In Norse mythology, the invention of runes is attributed to Odin: The Hávamál (stanzas 138, 139) describes how Odin receives the rune through his self-sacrifice. The text (in Old Norse and in English translation) is as follows:
Veit ec at ec hecc vindga meiði a
netr allar nío,
geiri vndaþr oc gefinn Oðni,
sialfr sialfom mer,
a þeim meiþi, er mangi veit, hvers hann af rótom renn.

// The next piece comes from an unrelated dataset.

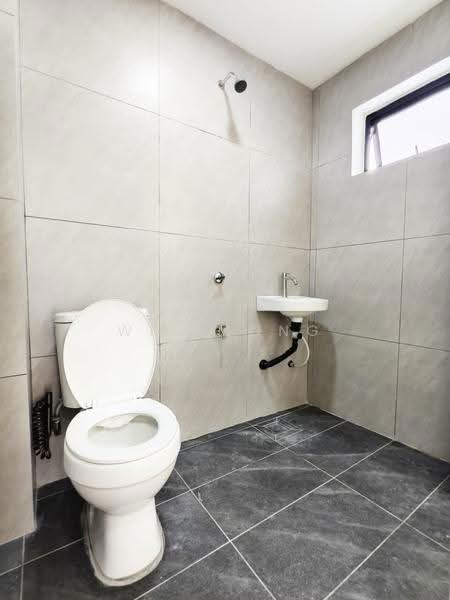Rumah Teres 2-Tingkat untuk Dijual di Bandar Selesa Jaya (Skudai) - Wil Mong - Bathroom - PropertyGuru.com.my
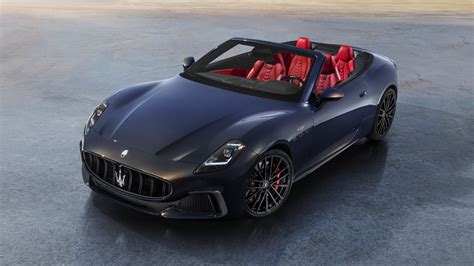 Najładniejszy cabriolet na rynku Oto nowe Maserati GranCabrio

Við hleifi mic seldo ne viþ hornigi,
nysta ec niþr,
nam ec vp rvnar,
opandi nam,
fell ec aptr þaðan.
I know that I hung on a windy tree
nights all nine,
wounded with a spear and given to Odin,
myself to myself,
on that tree of which no man knows from where its roots run
No bread did they give me nor a drink from a horn,
downwards I peered,
I took up the runes,
screaming I took them,
then I fell back from there
According to the 11th C. Lebor Gabála Érenn, and other Medieval Irish folklore, Ogham was first invented soon after the fall of the Tower of Babel, along with the Gaelic language, by the legendary Scythian king, Fenius Farsa. However, while it is possible that it was first used to write on wooden materials, now lost, the script cannot be shown to predate the 4th century AD. Use of "classical" Ogham in stone seems to have flowered in the 5th–6th centuries around the Irish Sea. The language of the Inscriptions from the 4th to 6th centuries is termed Primitive Irish. The transition to Old Irish, the language of the earliest sources in the Latin alphabet, takes place in about the 6th century.